Kiddushin - Daf 70

  • כל הנושא אשה לשום ממון

Rabbah bar bar Channah said: כל הנושא אשה שאינה הוגנת לו – Anyone who marries a woman who is not genealogically fit for him, מעלה עליו הכתוב – the Torah considers him כאילו חרשו לכל העולם כולו וזרעו מלח – as if he plowed the entire world and sowed it with salt, as the passuk says regarding people who could not identify their ancestry: ואלה העולים מתל מלח תל חרשא – and these are those who ascended from Tel Melach, Tel Charsah (darshened as the words חורש and מלח). Rav said: כל הנושא אשה לשום ממון – Anyone who marries a woman unfit for him for the sake of money, הויין לו בנים שאינן מהוגנים – he will have children who are unfit, which he supports from a pasuk. He further darshens that pasuk to add that he will lose any money he gained from her, as well as her own money, in as little as a month. The Gemara also says about one who marries a woman unfit for him: אליהו כופתו והקב"ה רוצעו – Eliyahu ties him, and Hashem whips him. A Tanna says that Eliyahu writes, and Hashem signs, about such people: אוי לו לפוסל את זרעו – Woe to him who disqualifies his children, ולפוגם את משפחתו – and who taints his family, ולנושא אשה שאינה הוגנת לו – and who marries a woman unfit for him.

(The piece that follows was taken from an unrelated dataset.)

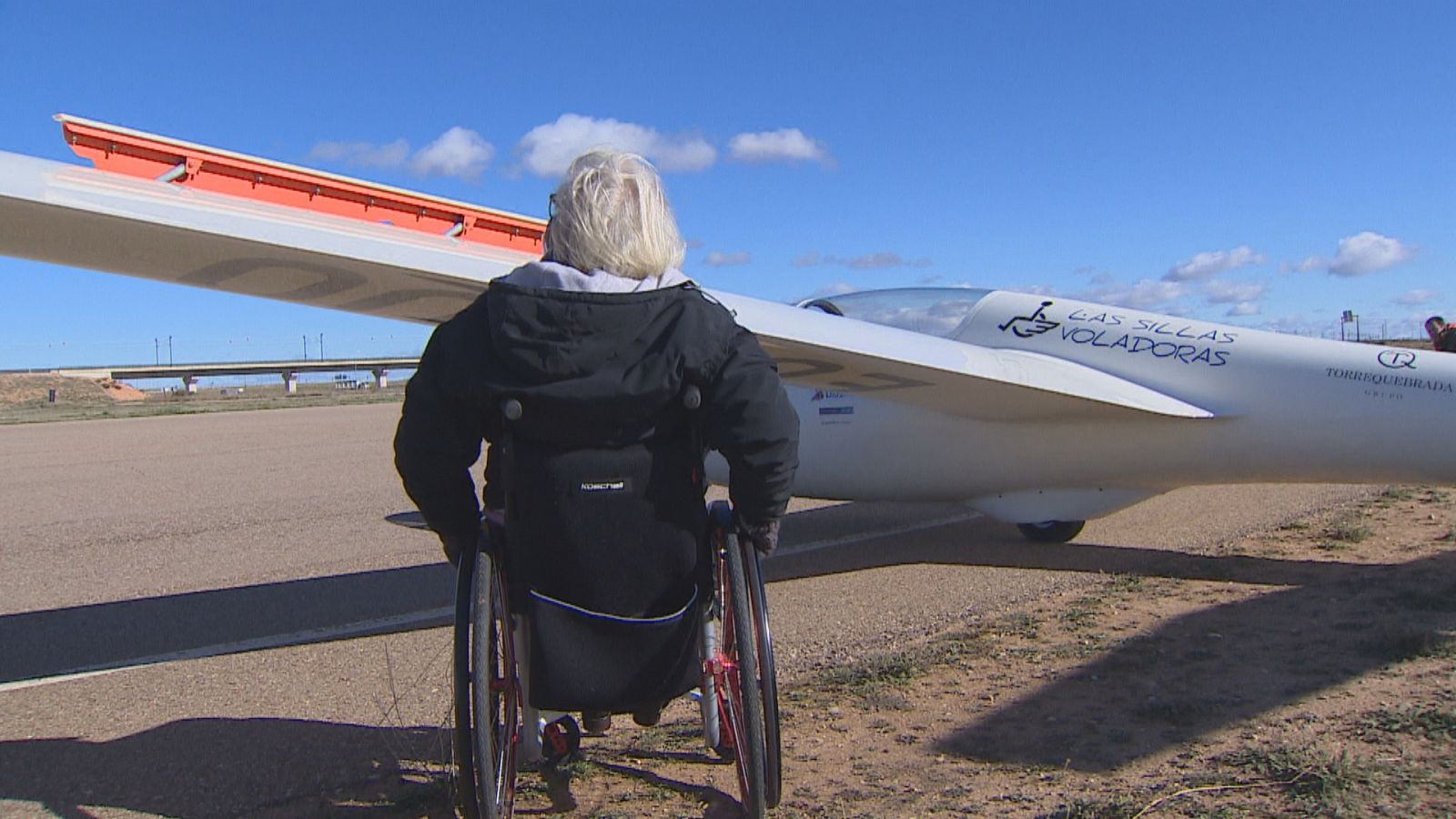 Elisabeth momentos antes de subir a la avioneta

  • כל הפוסל פסול ואינו מדבר בשבחא לעולם, ואמר שמואל במומו פוסל

The above Tanna concludes: וכל הפוסל פסול – And anyone who declares others genealogically disqualified, is himself disqualified, ואינו מדבר בשבחא לעולם – and never speaks praises of others. Shmuel added: במומו פוסל – it is with his own blemish that he disqualifies others. The Gemara relates a story in which a man from Nehardea asked to purchase meat in a butcher shop in Pumbedisa. He was told to wait for the attendant of Rav Yehudah bar Yechezkel to take, and he reacted by denigrating Rav Yehudah, calling him Yehudah bar sheviskel” (implying, “the glutton”), after which Rav Yehudah placed a ban on him. When he was told the man regularly called people slaves, Rav Yehudah announced that the man himself was a slave (based on Shmuel’s principle, as Rav Yehudah later explained). The man summoned Rav Yehudah to court before Rav Nachman, and the Gemara relates how Rav Yehudah posed numerous challenges to Rav Nachman’s use of unusual language and practices.

  • כל דאמר מדבית חשמונאי קאתינא עבדא הוא

After Rav Yehudah defended banning the man from Nehardea for demeaning his attendant, he explained that he declared him a slave based on Shmuel’s principle (that one disqualifies others with a blemish he himself possesses). The man objected to being called a slave, saying he was actually a descendant of the Chashmonaim. Rav Yehudah then quoted Shmuel: כל דאמר מדבית חשמונאי קאתינא עבדא הוא – Anyone who says, “I am from the family of the Chashmonaim,” is in fact a slave. Although his testimony could not be accepted (since it was given after the case arose), he told them Rav Masna agrees with him. Rav Masna, who had not been in Nehardea for thirteen years, arrived that day and confirmed the statement, adding that after Herod (a slave) massacred the family of the Chashmonaim, one maiden survived, climbed to the rooftop, and declared that anyone claiming to be a descendant of the Chashmonaim is actually a slave, whereupon she fell off the roof and died. The man was then declared to be a slave.